──────── RECORDS TO PROCESS ────────
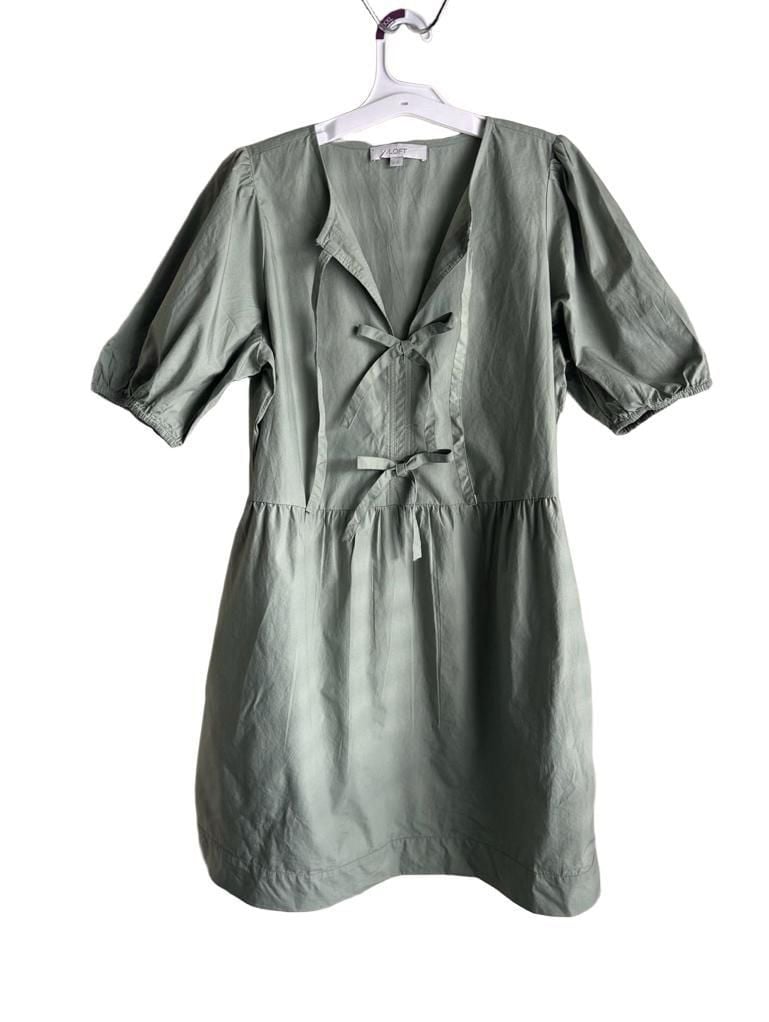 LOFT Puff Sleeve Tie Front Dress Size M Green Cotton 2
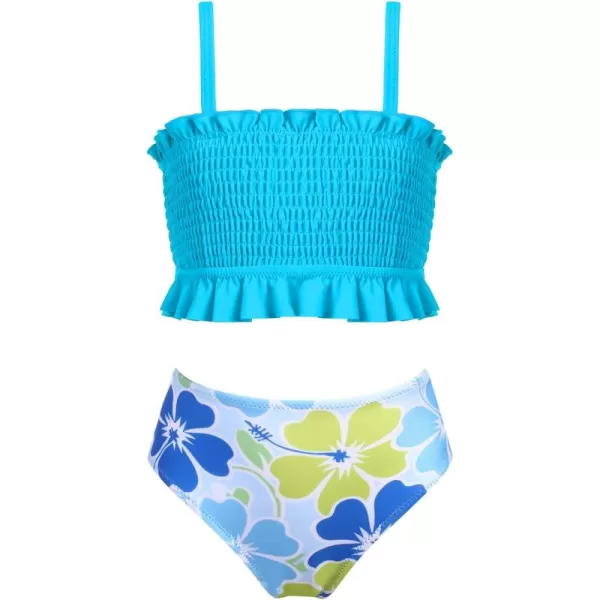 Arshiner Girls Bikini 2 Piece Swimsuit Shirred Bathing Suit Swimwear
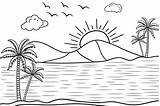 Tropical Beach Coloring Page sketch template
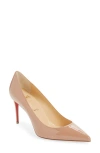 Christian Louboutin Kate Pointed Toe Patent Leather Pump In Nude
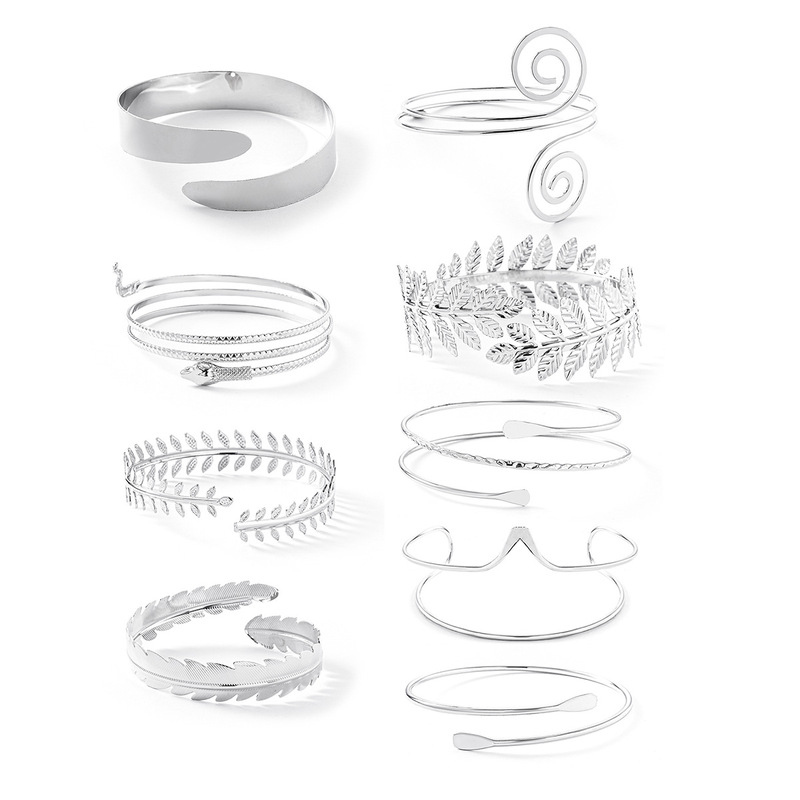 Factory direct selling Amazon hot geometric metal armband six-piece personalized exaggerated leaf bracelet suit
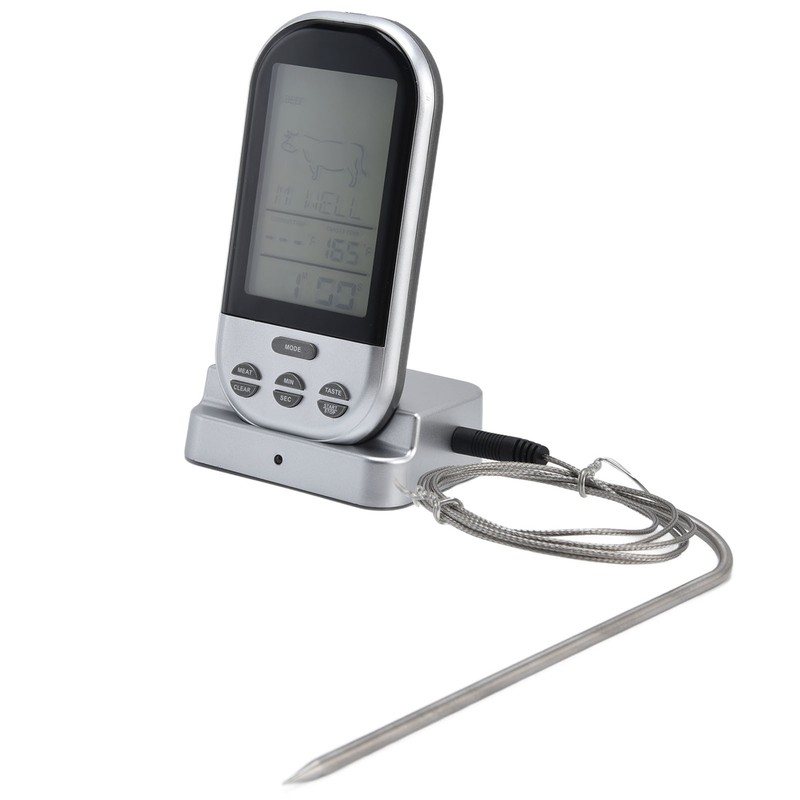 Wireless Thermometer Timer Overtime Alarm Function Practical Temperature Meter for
────────
EXERCISE GOAL
Output the records above verbatim. Pictures stay out.

TASK RESPONSE
 LOFT Puff Sleeve Tie Front Dress Size M Green Cotton 2
 Arshiner Girls Bikini 2 Piece Swimsuit Shirred Bathing Suit Swimwear
 Tropical Beach Coloring Page sketch template
 Christian Louboutin Kate Pointed Toe Patent Leather Pump In Nude
 Factory direct selling Amazon hot geometric metal armband six-piece personalized exaggerated leaf bracelet suit
 Wireless Thermometer Timer Overtime Alarm Function Practical Temperature Meter for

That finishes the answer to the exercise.